[[ Given data, beginning ]]
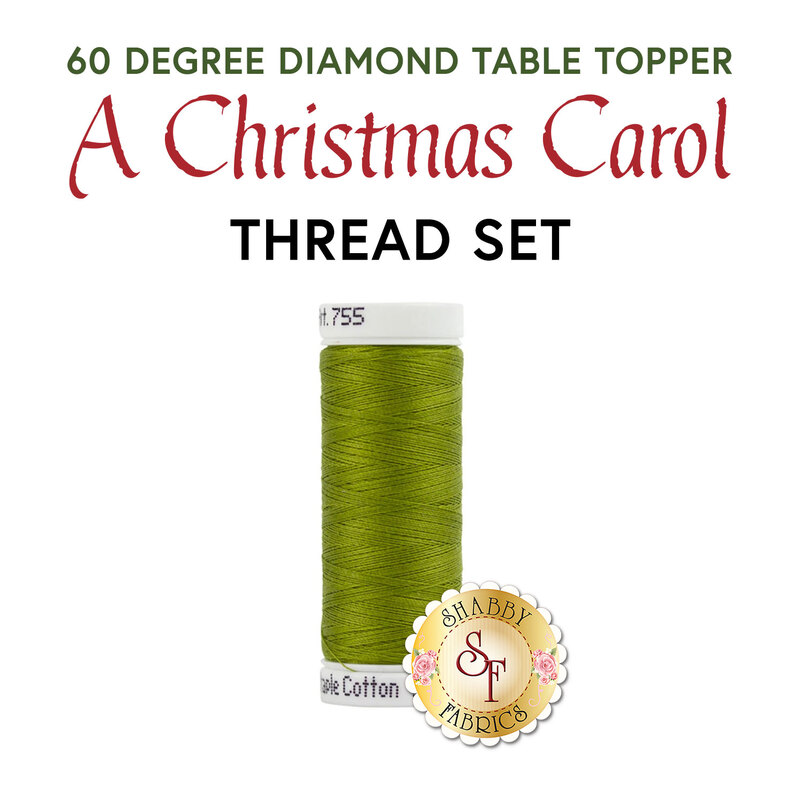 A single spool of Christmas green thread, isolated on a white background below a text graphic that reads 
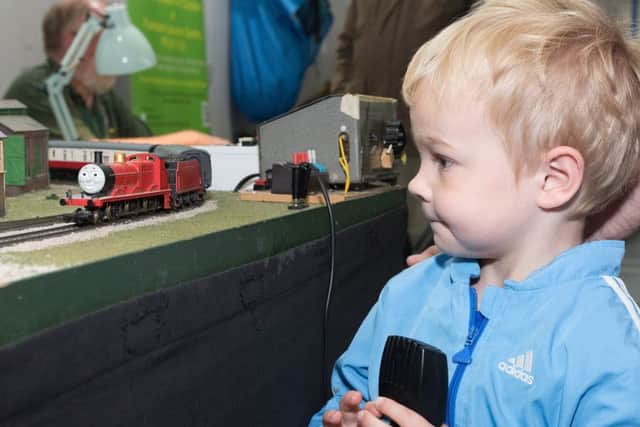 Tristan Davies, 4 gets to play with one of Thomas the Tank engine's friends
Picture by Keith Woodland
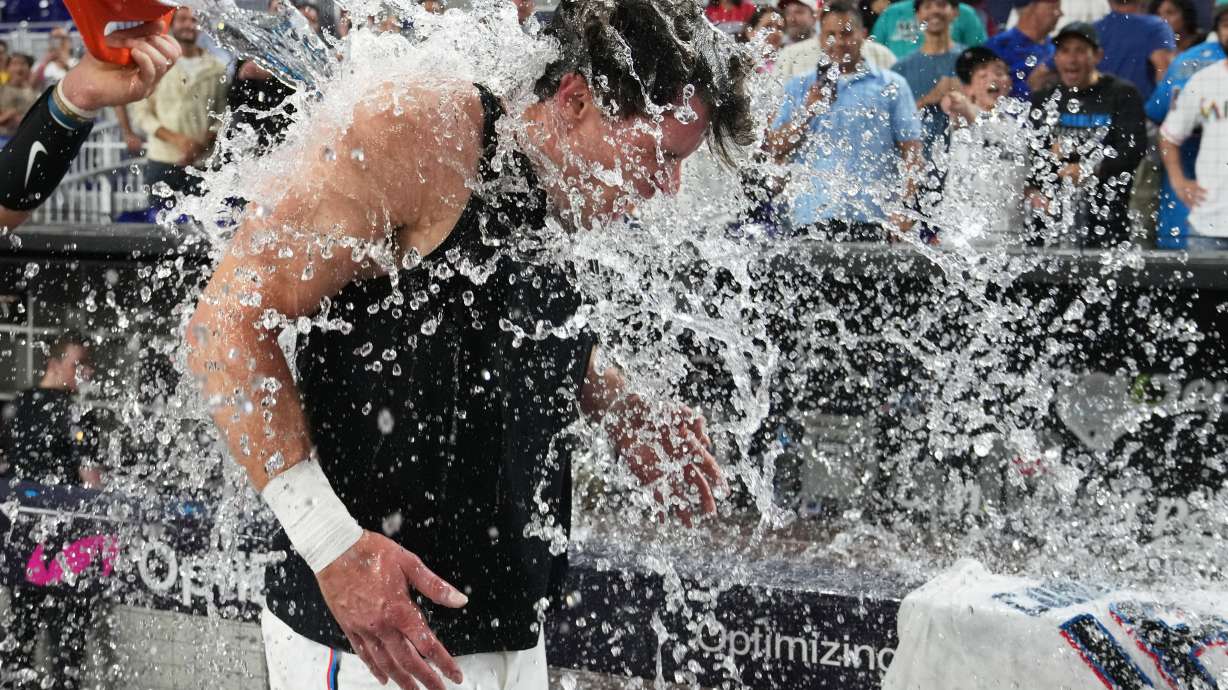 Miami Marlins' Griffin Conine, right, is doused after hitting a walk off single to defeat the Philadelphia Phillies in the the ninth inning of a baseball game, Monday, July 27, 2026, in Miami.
[[ Given data, end ]]
[[ Given data, beginning ]]
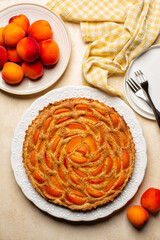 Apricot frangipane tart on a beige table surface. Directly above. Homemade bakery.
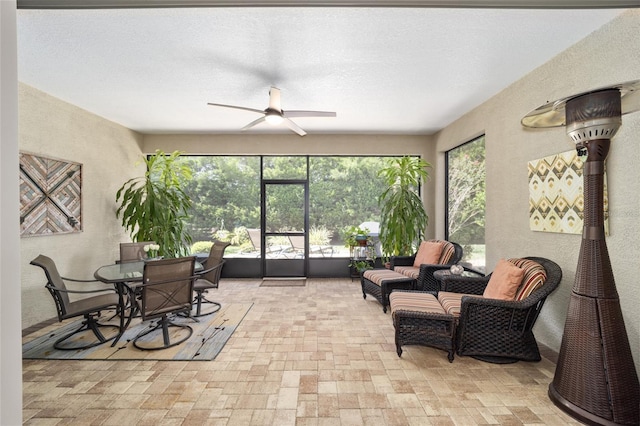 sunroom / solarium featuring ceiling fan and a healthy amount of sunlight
[[ Given data, end ]]
- Activity
Set down word for word the lines above from the one with "A single spool" up to and including the one with "Miami Marlins' Griffin". Omit every picture.

- Output of the exercise
 A single spool of Christmas green thread, isolated on a white background below a text graphic that reads 
 Tristan Davies, 4 gets to play with one of Thomas the Tank engine's friends
Picture by Keith Woodland
 Miami Marlins' Griffin Conine, right, is doused after hitting a walk off single to defeat the Philadelphia Phillies in the the ninth inning of a baseball game, Monday, July 27, 2026, in Miami.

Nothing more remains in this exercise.